Forums are convened periodically and include a number of professionals from each of the member institutions. They serve as meeting places, market places, and congresses. As meeting places they provide an opportunity for the Board, advisory groups, and initiatives to conduct their business and to present their work to the broader membership. As market places, they provide an opportunity for member organizations to share experiences and practices with one another and in this respect support a broader level of information sharing between professional staff. As congresses, Forums provide an opportunity for the DLF to continually review and assess its programs and its progress with input from the broader membership.

4. Communication

Effective communications are vital to the DLF. They ensure that its program and program priorities respond to members' needs and interests. They form the bedrock upon which effective and meaningful collaboration is built. They enable the DLF to inform its members and the broader library community about the strategies, technologies, organizational mechanisms and legal and business issues that have a direct bearing on the development and cost effective maintenance of high-quality digital library services and collections. Communications are also essential to the DLF as it seeks to communicate its work to the broader library community and act as a catalyst in the development of new information services and organizations, and as an agent of learning for the profession.
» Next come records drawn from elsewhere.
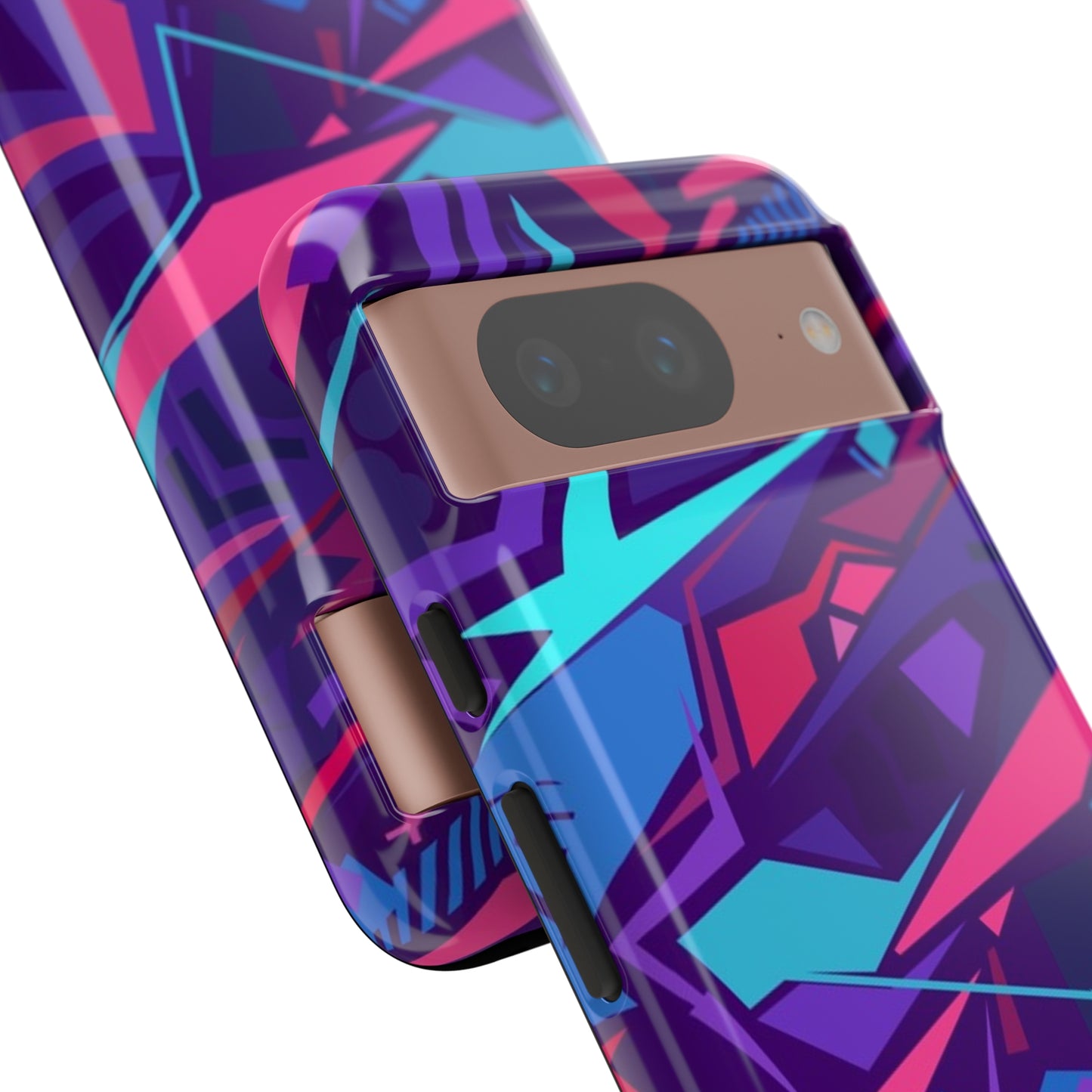 Neon Vibe Phone Case for iPhone, Galaxy and Pixel devices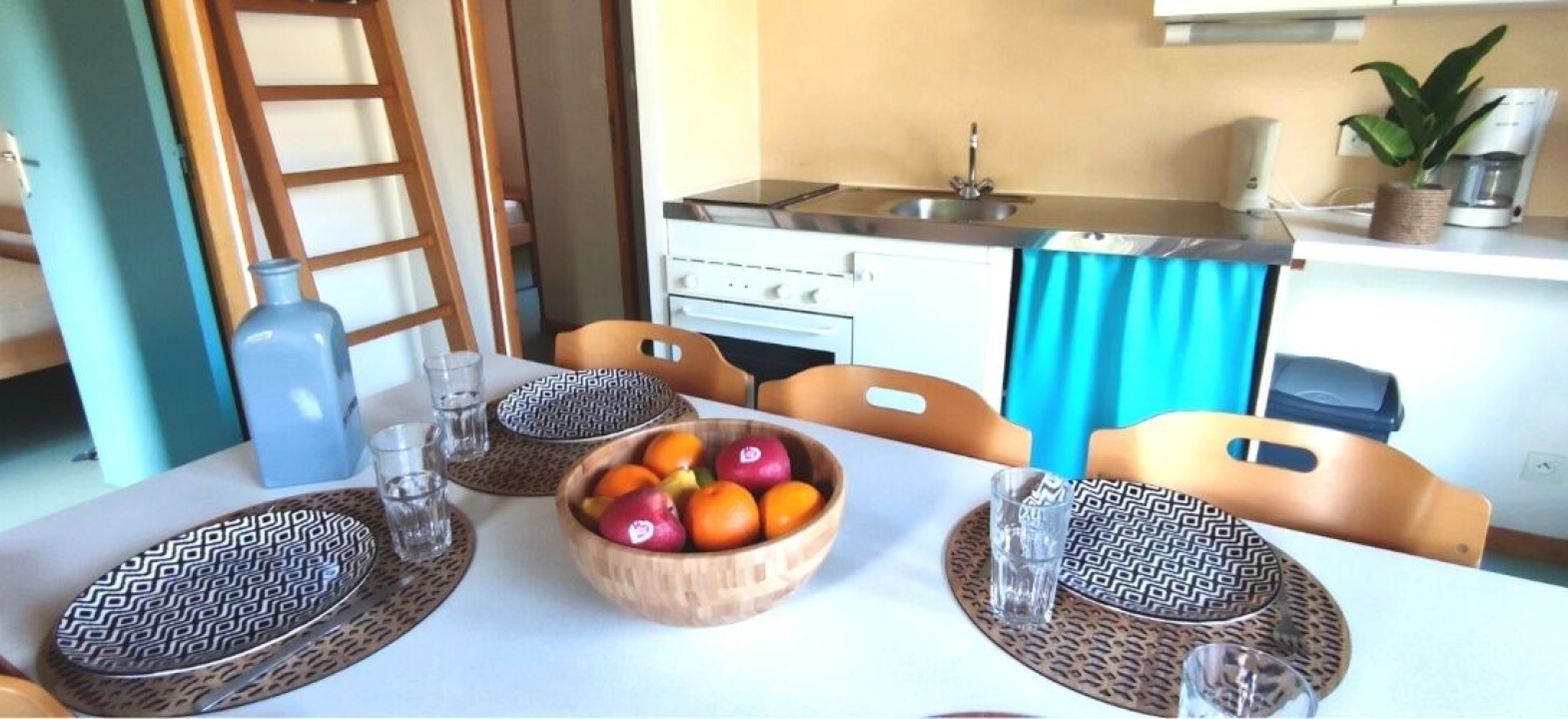 Chalet confort 6/8 Personnes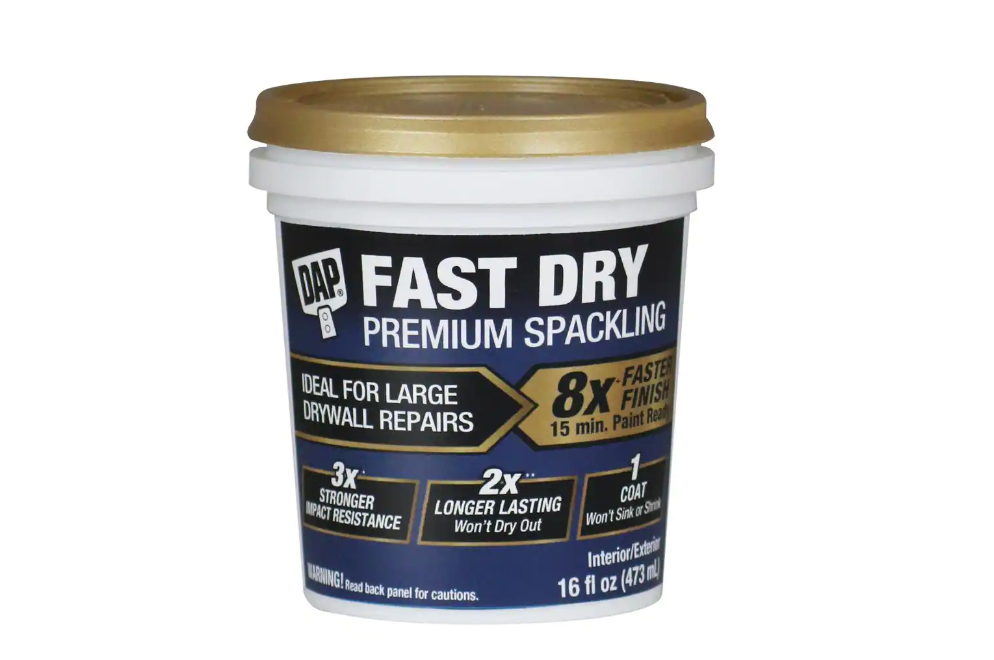 16-oz. Fast Dry Premium Spackling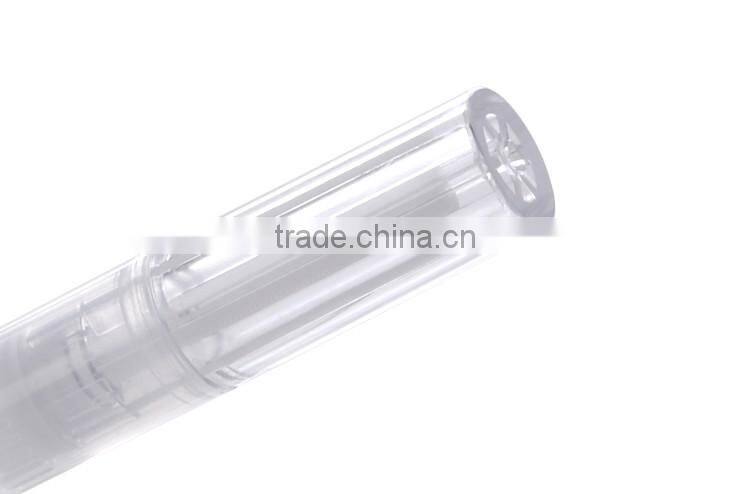 Wholesale Plastic Gel Pen Cosmetic Pen With Bullet Cap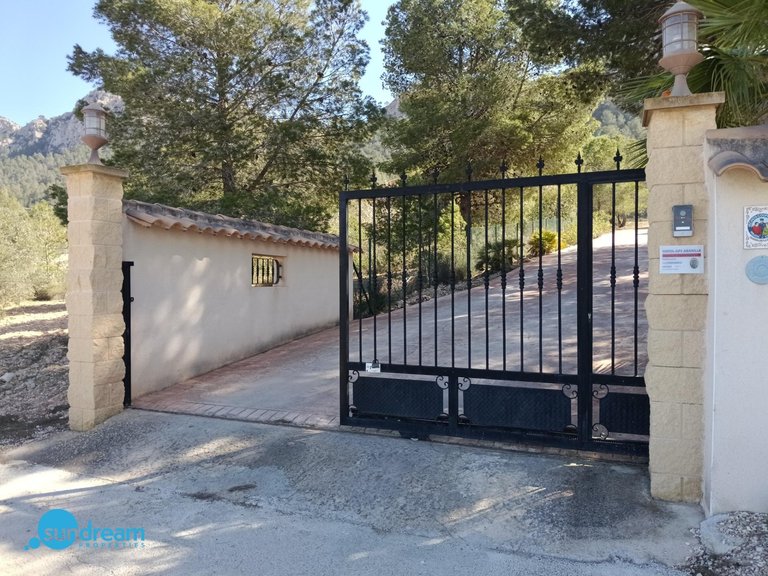 Villa for Sale in Inland Abanilla, Murcia 15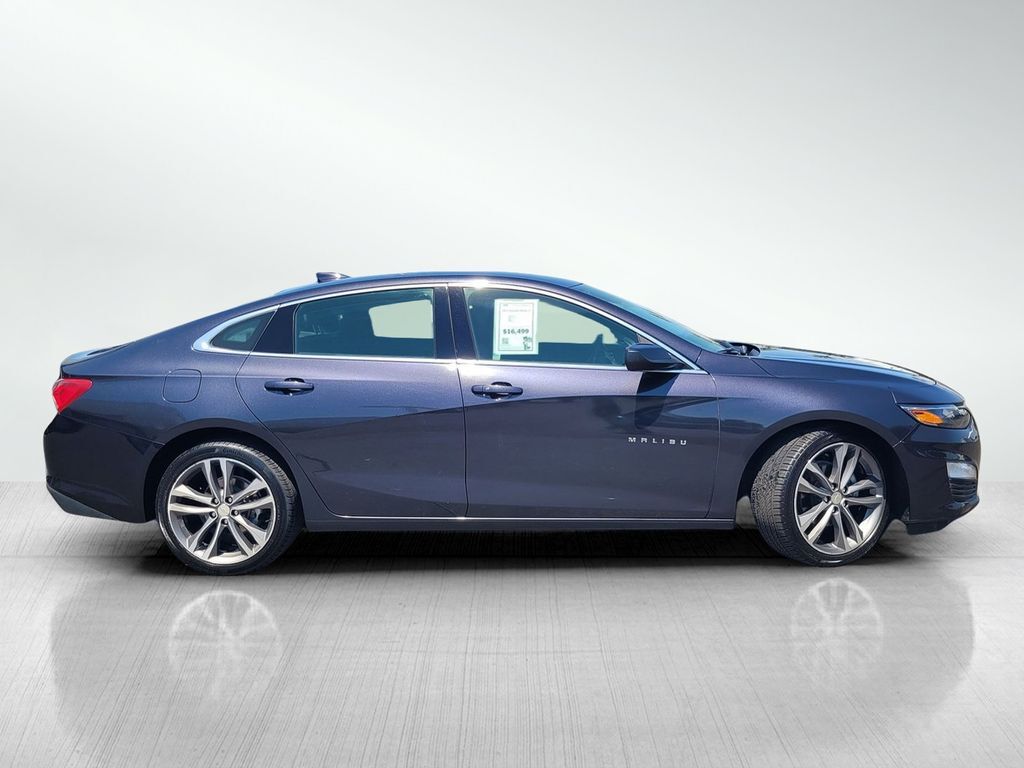 2022 Chevrolet Malibu LT Roseville CA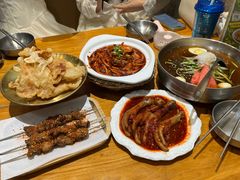 -冰川朝鲜族料理·东北菜(观前店)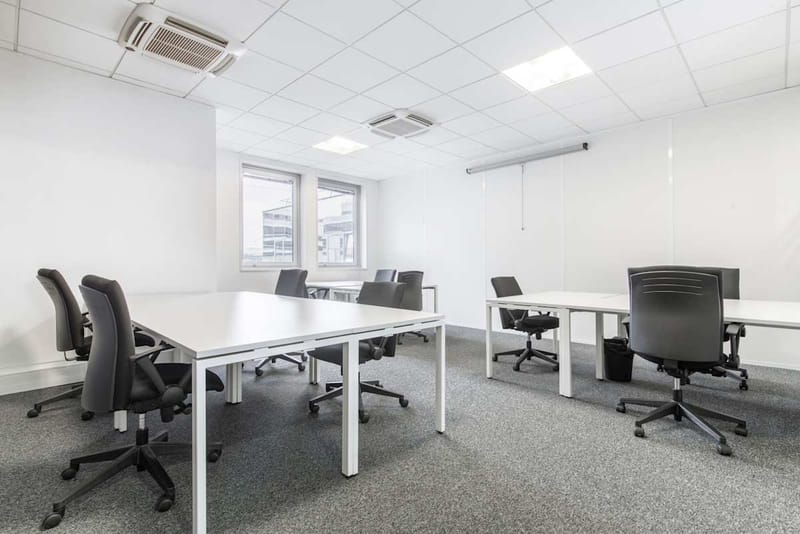 Regus - Cergy-Stop & Work Cergy - 4-6 rue des Chauffours - Cergy image 4
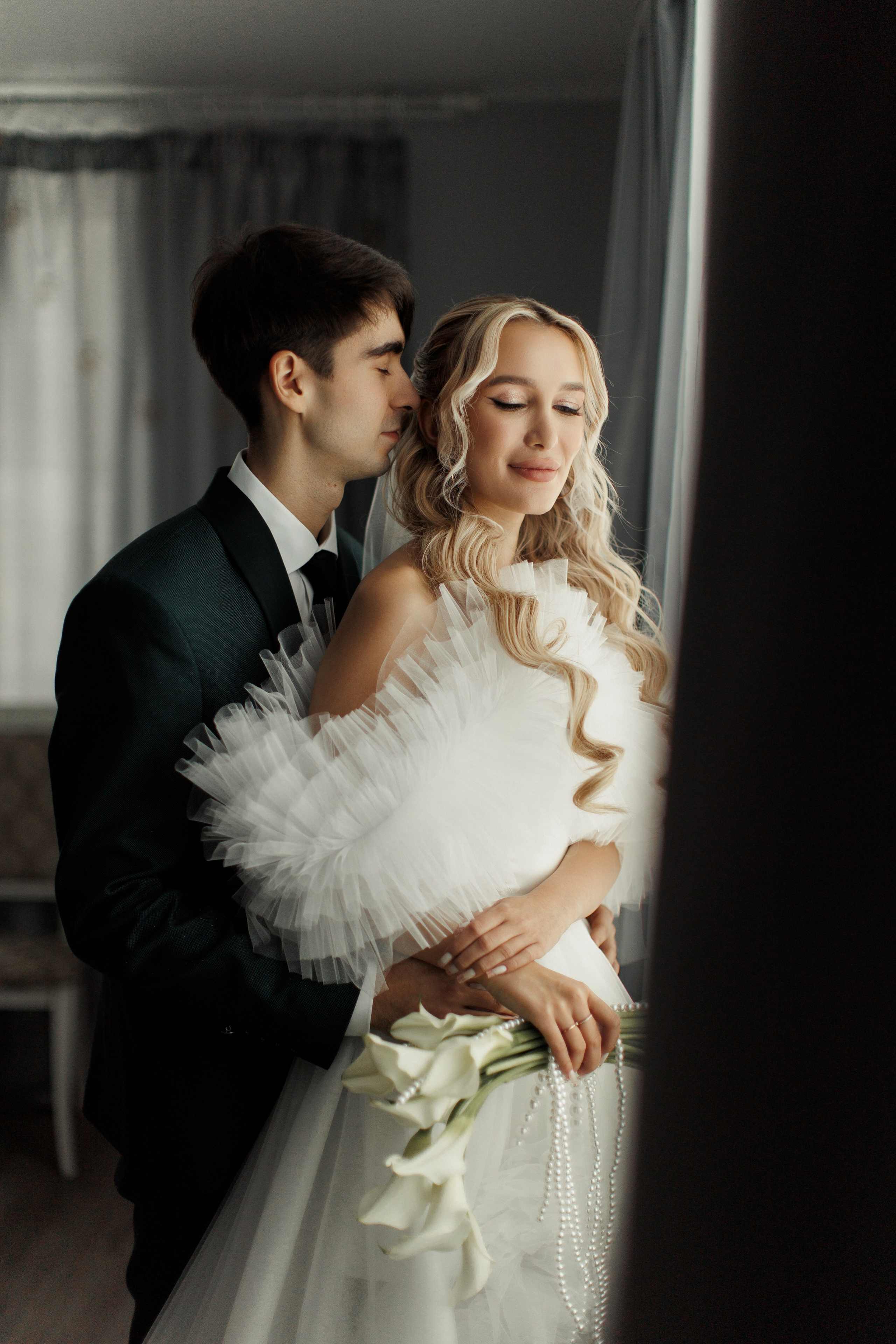 Свадьба Лиза и Лёша. Фотограф в городе Вологда. Анастасия Сторублинская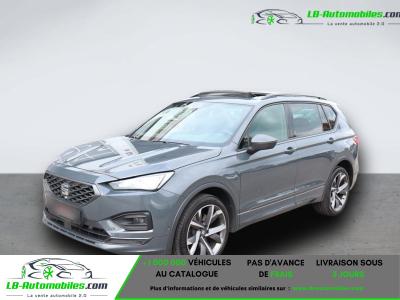 Seat Tarraco 2.0 TSI 190 ch  BVA  7 pl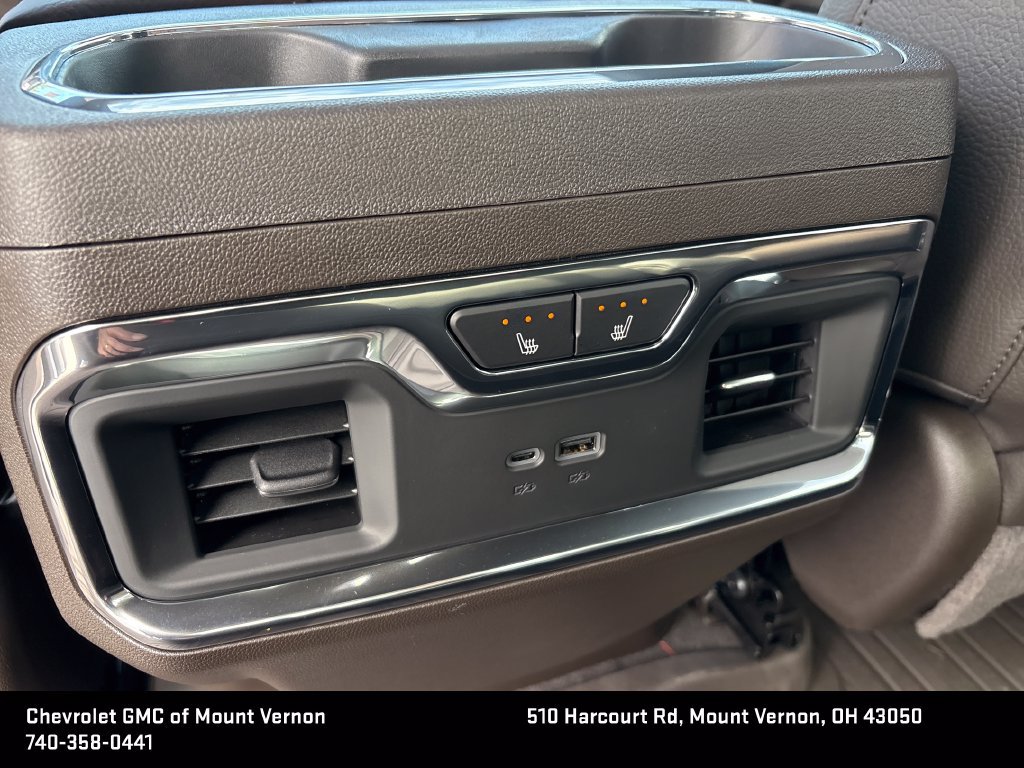 New 2026 GMC Sierra 2500 Denali w/ Denali Reserve Package AWD/4WD image 33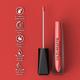 Bella Voste Ulti-Matte Liquid Lipstick Punk Red (17) 3.7 Ml - Liquid Lipsticks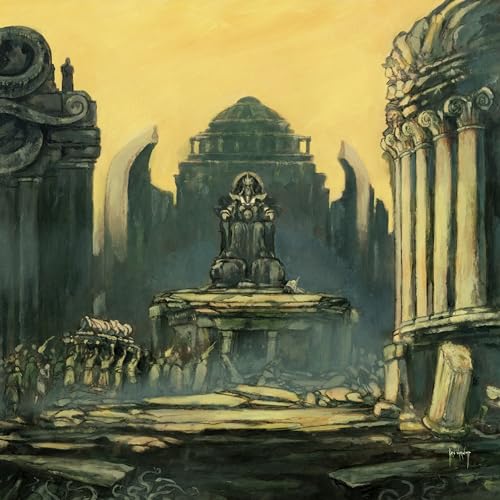 Funeral for a King (Gtf. Black Vinyl+Poster+Downlo [Vinyl LP] von Cruz Del Sur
At present, the DLF's communications infrastructure includes:

  • a network of electronic mailing lists;
  • a quarterly newsletter which reports the progress of DLF initiatives to the members and through which, members report to one another on their own digital library developments;
  • online registries comprising information about (a) members' web-accessible public domain, digitized collections and (b) policies, strategies, working papers, standards and other application guidelines, and technical documentation developed by DLF members to inform or reflect upon their digital library development activities;
  • bi-annual DLF Forums; and
  • publications that report on DLF initiatives and on the proceedings of the DLF Forum.

5. Resources

DLF funds derive primarily from members' subscriptions and capital contributions. Funds are expended to maintain the Office of the Director and the DLF Forum, to support the work of informal advisory groups, and crucially, the DLF initiatives. With regard to initiatives, funding may be allocated with a view to attracting co-investment from institutions that participate in them and from external funding agencies. Prospects for increasing funds available to the DLF through external funding and through increased membership are kept continuously under review by the Office of the Director and the Board of Trustees.